JACKSONVILLE, Fla. – Employees and families of a local elementary school are frustrated as construction continues on a new, charter school campus right across the street from their public school.
Now, they’re demanding changes at the state level.
A month ago, stakeholders of Alimacani Elementary School said they were taken by surprise when they learned about the plans for a new River City Science Academy campus.
At the time, they said they wanted to figure out a way to put a stop to the project, but the way the system is set up for charter schools in Florida, makes that impossible.
Parents, teachers and employees at Almicani say it’s going to create some problems, one of which is traffic.
They say San Pablo Road already gets backed up during pick up drop-off times, a dangerous issue that will be compounded with another campus across the street since the charter school won’t have to offer bus service.

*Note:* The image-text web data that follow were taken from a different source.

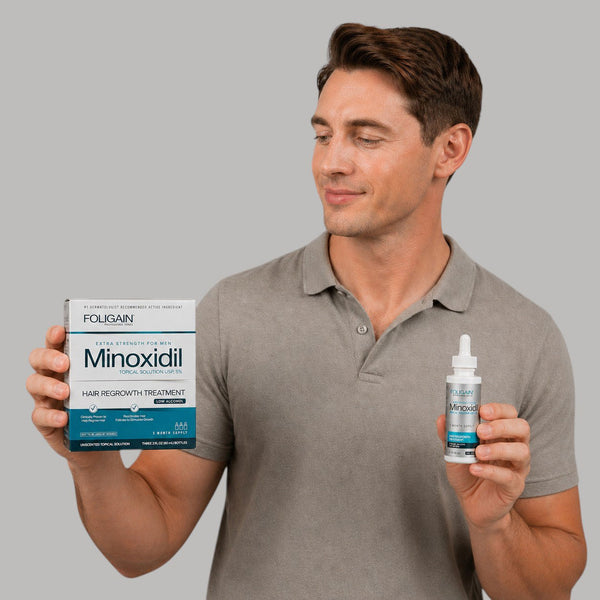 FOLIGAIN® Low Alcohol Minoxidil 5% Hair Regrowth Treatment For Men 3 Month Supply - FOLIGAIN EUROPE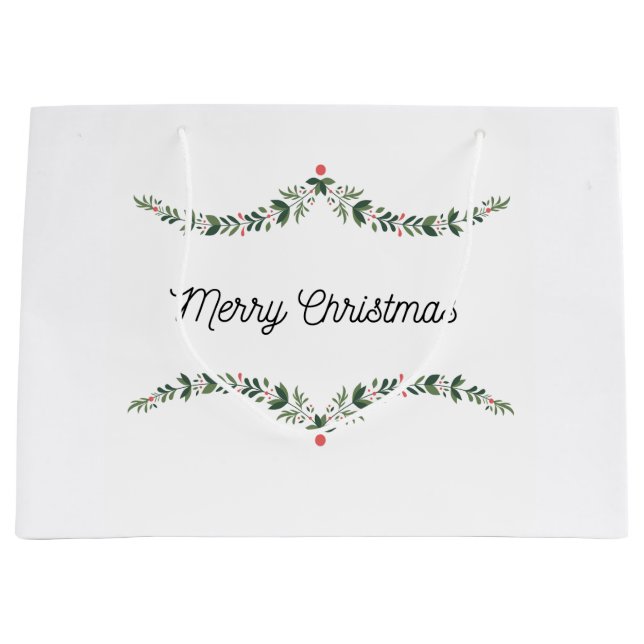 Bolsa De Regalo Grande Navidades Gift Bag Watercolor Holly (Anverso)
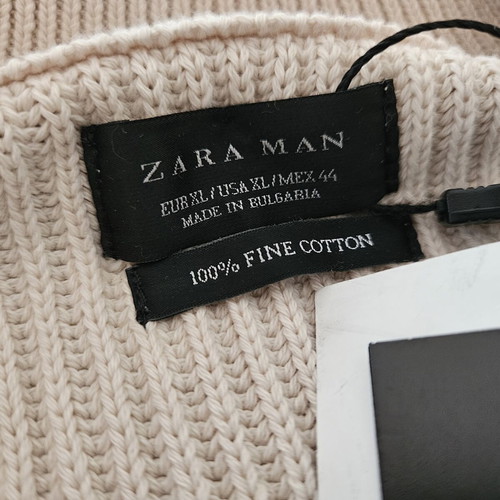 Zara Man cardigan XL, 100% fine cotton, off-white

But the bigger worry is resources at the public elementary school.
There’s only a certain number of students in the neighborhood for which the state and district dole out a certain number of dollars.
Kenyatta Register, who chairs the Alimacani School Advisory Council, said the new school will draw students and public funds away.

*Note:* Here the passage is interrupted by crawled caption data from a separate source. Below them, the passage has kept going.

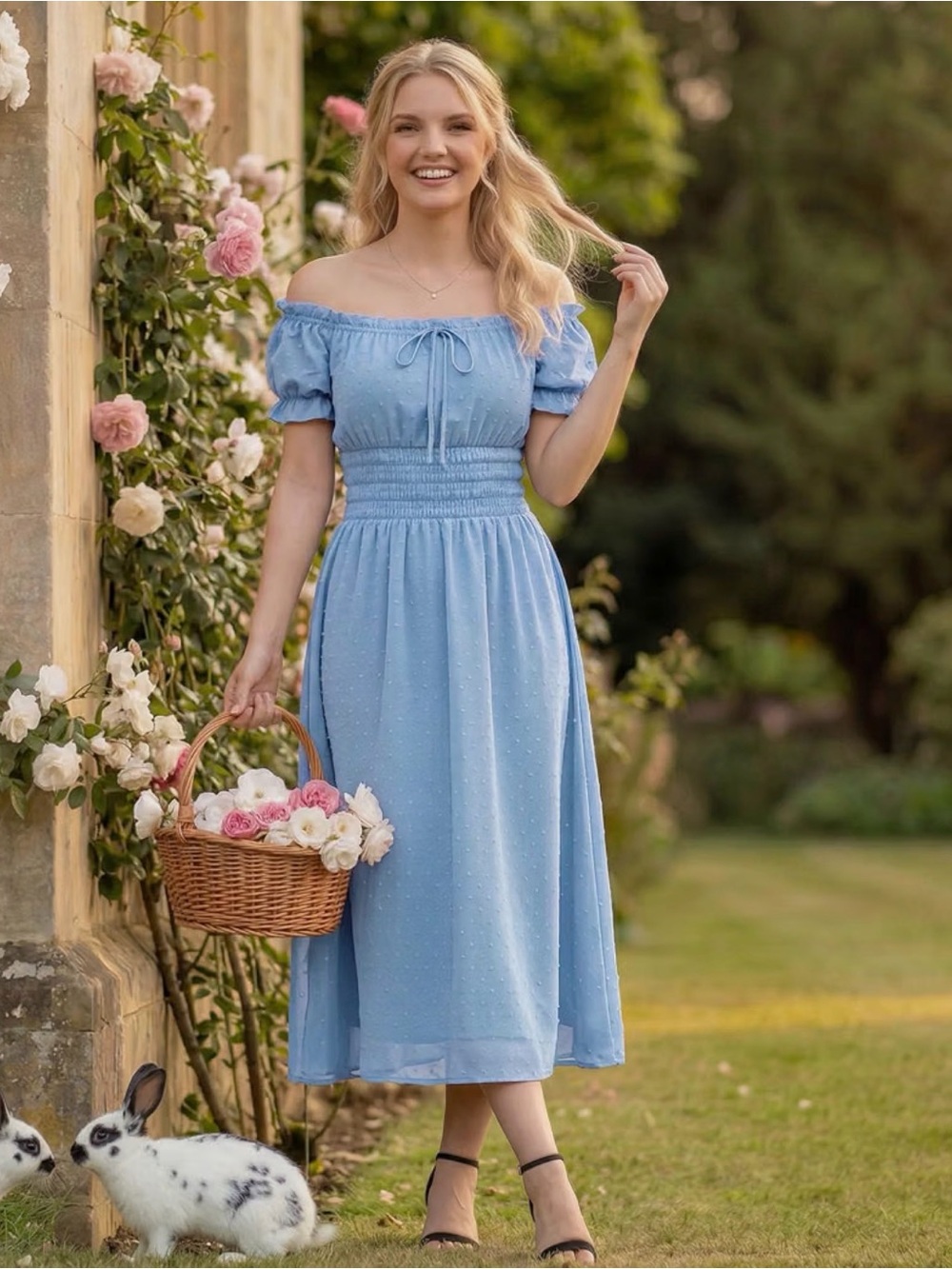 Light Blue Smocked Sleeve Dress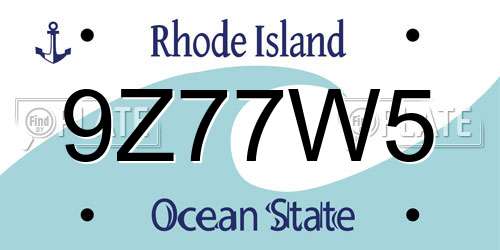 9Z77W5 Rhode Island License Plate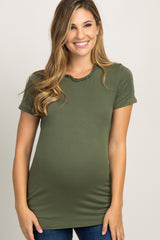 PinkBlush Olive Ruffle Neckline Maternity Top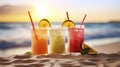 Seaside Refreshments. Exotic Drinks on a Dreamy Sandy Background. Generative AI Royalty Free Stock Photo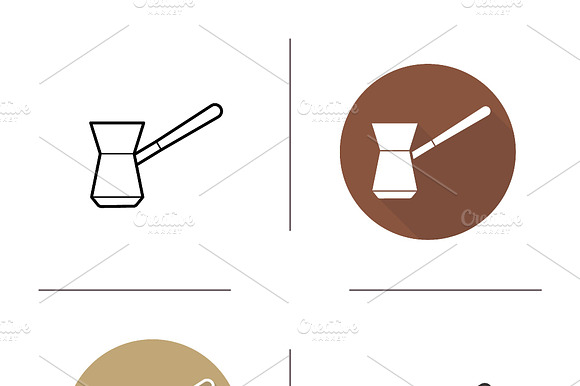 Cezve Icons. Vector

“In Duval County appears, it appears that they’re popping up in different communities, and then that community becomes saturated, Register said.
Earlier this week, stakeholders met with the DCPS board chairwoman Elizabeth Andersen, demanding to know why the school board signed off on the project right across the street from an existing school.
The answer was that it didn’t.
A Charter School application only has to provide a general area where it wants to build, not an exact location.
“The school board essentially said it’s out of their hand, they have very little wiggle room to deny charters, regardless of their where they’re going in,” Register said. “So that would be one aspect is to allow more local control through the local school system.”
For the new RCSA campus, the board signed off on it being built “East of I-295, and preferably north of Beach Blvd.”
Also, there are only a few reasons for which the board is allowed to turn down a Charter School application, and location is not one of them.
Charter Schools are also exempt from the state requirements for education facilities.
Register and other stakeholders say it’s time for state legislators to take another look at the Charter School system and provide local districts more authority.
“Another is to consider fiscal responsibility and how with an increase in charter schools, the school system can become saturated,” Register said.
Leaders at RSCA declined to comment on this story.